The advertisement made it known that C. C. Kerr & Co., of the New York Curb Market were offering for sale 250,000 shares of common stock priced at $10 a share in the Jenkins Television Corp. (total capitalization $10,000,000). The purpose of the Jenkins Television Corp., as expressed in a letter written by President James W. Garside, was to "transmit or broadcast television pictures and programs; to transmit photographs ... to engage in the broad development, exploitation and sale of television and image transmitting apparatus. . . ." The advertisement pointed out that the development of television so far has paralleled that of the early development of radio; and it indicated that Jenkins Television Corp. hoped to duplicate -the grandeur of Radio Corp. of America.
Whether it will do so or not, no one can say. The success of the new organization depends largely on the past and future prowess of C. Francis Jenkins, who invented "the first practical motion picture projector," and whose laboratories have recently been devoted to televisionary experiments. The announcement of the new capitalization came at a time when Wall Street was talking of nothing but the break in the market and made therefore less stir in financial circles than it would have a week before.
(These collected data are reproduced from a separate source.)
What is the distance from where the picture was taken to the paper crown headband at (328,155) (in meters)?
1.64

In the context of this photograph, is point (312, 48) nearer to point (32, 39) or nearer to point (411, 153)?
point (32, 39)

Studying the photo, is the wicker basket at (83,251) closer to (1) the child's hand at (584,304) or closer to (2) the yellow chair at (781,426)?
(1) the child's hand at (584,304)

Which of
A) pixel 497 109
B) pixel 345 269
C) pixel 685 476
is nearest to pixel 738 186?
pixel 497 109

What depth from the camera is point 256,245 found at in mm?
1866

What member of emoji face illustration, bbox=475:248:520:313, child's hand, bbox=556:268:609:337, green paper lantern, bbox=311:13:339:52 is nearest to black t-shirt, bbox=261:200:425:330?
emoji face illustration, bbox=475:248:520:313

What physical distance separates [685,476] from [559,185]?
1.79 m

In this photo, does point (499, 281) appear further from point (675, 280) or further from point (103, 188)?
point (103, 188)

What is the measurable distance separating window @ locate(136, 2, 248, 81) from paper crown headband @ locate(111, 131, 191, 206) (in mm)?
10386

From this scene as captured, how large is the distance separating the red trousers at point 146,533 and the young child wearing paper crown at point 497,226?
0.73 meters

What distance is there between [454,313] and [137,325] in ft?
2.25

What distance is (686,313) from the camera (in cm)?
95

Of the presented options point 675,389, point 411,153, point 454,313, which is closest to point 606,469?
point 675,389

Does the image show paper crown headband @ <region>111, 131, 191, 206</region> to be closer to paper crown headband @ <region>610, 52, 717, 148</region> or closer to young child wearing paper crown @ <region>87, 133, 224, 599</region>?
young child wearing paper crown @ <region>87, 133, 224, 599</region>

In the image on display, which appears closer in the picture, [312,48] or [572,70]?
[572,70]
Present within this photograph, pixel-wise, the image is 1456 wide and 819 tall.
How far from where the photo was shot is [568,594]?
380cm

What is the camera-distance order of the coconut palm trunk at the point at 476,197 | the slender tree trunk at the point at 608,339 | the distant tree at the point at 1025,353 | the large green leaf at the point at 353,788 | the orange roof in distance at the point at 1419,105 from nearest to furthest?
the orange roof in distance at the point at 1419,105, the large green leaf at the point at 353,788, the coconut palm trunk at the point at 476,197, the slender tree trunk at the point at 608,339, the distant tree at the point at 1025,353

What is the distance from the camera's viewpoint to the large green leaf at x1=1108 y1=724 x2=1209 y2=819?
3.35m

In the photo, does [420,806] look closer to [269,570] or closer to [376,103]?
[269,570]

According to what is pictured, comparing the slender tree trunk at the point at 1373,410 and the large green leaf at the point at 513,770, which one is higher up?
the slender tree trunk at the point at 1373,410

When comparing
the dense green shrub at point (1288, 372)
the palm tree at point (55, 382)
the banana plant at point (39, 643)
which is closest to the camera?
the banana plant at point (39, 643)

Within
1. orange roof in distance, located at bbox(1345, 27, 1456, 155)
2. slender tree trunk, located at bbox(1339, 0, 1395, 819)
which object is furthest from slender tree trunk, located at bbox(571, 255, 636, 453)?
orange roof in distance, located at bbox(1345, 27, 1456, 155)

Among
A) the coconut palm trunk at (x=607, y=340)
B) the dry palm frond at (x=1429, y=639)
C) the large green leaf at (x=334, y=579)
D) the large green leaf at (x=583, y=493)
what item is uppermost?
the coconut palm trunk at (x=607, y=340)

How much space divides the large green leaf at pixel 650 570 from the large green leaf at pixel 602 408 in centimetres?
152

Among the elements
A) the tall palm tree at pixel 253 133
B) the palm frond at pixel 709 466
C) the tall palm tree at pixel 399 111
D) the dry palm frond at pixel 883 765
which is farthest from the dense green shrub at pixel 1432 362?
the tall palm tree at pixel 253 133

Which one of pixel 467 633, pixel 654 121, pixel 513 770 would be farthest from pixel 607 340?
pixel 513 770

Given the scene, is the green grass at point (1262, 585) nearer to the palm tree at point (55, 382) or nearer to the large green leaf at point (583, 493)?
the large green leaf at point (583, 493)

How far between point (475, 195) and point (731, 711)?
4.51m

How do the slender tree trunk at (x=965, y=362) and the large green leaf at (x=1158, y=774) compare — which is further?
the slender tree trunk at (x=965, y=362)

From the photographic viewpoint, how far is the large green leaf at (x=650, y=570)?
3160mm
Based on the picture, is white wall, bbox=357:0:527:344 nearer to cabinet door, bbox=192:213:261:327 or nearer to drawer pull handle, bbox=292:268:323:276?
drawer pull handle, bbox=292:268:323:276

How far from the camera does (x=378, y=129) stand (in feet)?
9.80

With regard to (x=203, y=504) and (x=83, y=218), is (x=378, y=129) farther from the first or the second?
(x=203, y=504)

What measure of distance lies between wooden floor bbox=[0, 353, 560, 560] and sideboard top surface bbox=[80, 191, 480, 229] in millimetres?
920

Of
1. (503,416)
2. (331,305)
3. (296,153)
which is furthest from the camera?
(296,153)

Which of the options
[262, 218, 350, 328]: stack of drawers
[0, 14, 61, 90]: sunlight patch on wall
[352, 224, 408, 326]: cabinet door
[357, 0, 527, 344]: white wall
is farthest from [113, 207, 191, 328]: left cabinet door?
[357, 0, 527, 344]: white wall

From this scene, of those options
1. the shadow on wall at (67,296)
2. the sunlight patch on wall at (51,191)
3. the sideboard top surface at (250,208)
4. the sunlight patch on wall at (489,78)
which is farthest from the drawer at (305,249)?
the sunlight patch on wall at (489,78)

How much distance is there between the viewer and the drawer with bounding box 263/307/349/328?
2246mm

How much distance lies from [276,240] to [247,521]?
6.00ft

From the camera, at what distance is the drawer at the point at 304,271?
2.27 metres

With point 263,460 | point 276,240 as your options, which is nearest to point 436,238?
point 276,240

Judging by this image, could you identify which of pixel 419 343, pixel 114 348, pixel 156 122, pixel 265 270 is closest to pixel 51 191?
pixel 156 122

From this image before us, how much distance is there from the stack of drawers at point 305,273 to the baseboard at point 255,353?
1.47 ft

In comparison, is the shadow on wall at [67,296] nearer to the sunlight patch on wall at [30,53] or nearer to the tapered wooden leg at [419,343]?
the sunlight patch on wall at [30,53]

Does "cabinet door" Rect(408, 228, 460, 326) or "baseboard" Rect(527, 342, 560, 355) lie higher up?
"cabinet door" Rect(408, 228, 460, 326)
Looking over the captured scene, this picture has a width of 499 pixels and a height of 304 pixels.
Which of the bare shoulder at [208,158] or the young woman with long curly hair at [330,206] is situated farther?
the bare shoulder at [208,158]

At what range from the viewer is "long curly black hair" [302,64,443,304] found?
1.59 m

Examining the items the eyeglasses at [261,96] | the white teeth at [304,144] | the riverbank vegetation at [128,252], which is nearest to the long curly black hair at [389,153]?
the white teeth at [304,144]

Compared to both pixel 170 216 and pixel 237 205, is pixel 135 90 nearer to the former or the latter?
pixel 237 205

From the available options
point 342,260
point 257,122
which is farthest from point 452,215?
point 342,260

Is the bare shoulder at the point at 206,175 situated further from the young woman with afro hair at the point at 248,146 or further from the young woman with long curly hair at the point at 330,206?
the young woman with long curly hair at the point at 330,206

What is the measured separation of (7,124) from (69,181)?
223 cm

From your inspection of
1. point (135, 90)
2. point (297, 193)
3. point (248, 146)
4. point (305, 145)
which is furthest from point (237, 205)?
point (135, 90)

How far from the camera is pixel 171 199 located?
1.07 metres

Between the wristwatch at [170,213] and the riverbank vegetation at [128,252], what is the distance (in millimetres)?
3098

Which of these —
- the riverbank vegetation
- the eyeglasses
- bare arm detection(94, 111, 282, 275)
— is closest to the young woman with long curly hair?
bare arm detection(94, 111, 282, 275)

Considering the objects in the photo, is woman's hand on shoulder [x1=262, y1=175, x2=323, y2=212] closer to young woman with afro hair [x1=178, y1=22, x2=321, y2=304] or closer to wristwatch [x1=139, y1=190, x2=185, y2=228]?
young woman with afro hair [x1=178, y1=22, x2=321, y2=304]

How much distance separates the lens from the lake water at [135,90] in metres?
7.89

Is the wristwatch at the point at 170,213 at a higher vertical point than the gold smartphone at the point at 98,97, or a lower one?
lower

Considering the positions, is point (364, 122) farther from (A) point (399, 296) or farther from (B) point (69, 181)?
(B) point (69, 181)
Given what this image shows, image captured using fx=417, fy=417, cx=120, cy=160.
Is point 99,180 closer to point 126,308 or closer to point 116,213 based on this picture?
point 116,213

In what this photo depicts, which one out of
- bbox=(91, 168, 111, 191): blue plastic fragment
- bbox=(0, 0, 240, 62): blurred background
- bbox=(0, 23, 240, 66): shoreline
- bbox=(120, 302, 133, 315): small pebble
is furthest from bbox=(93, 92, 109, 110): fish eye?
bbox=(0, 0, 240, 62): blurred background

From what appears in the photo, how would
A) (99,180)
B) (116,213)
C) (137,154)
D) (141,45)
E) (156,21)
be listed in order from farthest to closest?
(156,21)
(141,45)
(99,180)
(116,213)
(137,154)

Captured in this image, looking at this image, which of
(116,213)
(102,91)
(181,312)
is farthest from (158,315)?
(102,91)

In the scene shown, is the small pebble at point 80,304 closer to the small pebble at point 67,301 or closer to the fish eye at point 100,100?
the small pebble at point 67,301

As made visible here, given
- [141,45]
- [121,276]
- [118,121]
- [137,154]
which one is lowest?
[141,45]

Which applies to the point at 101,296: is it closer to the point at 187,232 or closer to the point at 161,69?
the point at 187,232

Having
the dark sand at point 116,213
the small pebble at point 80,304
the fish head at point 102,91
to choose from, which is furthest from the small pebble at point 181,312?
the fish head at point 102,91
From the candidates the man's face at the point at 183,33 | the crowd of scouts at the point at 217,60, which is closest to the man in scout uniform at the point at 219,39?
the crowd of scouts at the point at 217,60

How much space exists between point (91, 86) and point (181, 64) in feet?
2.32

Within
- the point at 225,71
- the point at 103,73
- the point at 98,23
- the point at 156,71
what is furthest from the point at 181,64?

It made however a stir in sections of Manhattan where business is the subject of smart chatter. In the smart restaurants of lower Park Avenue, headwaiters consulted patrons differentially but earnestly. There were two reasons why they did so: Headwaiters yield only to speakeasy owners as shrewd investors; many a headwaiter was acquainted with the young and impressive Anthony Joseph Drexel Biddle Jr. who was named to head the board of directors of the Jenkins Television Corp.
Like almost every presentable young club member in Manhattan, Anthony Biddle Jr., has been called the city's best dressed man. At the age of 18, he married Mary L., the 28-year-old daughter of Benjamin Newton Duke, the tobacco king.* Tongues wagged and darted, but the Biddies, in Palm Beach, Newport and Manhattan, for which they had deserted the native Biddle heath of Philadelphia, gave evidence of marital contentment. Tony Biddle played tennis, squash and swam, occasionally boxing at the Racquet Club to show that he was not afraid of being hurt, thus found many business enterprises in which to interest himself and his fortune.
Not all of these enterprises are connected with Wall Street. Biddle, along with social register companions, was accused only a fortnight ago of sharing with Mayor Walker a plot to convert the dismal restaurant which now sits like a spider, webbed with paths, at the centre of Central Park, into a civic banquet hall, thus encouraging patronage and improving the circumstances of the waiters who are employed there by the present lessee, Theatrical Zitell.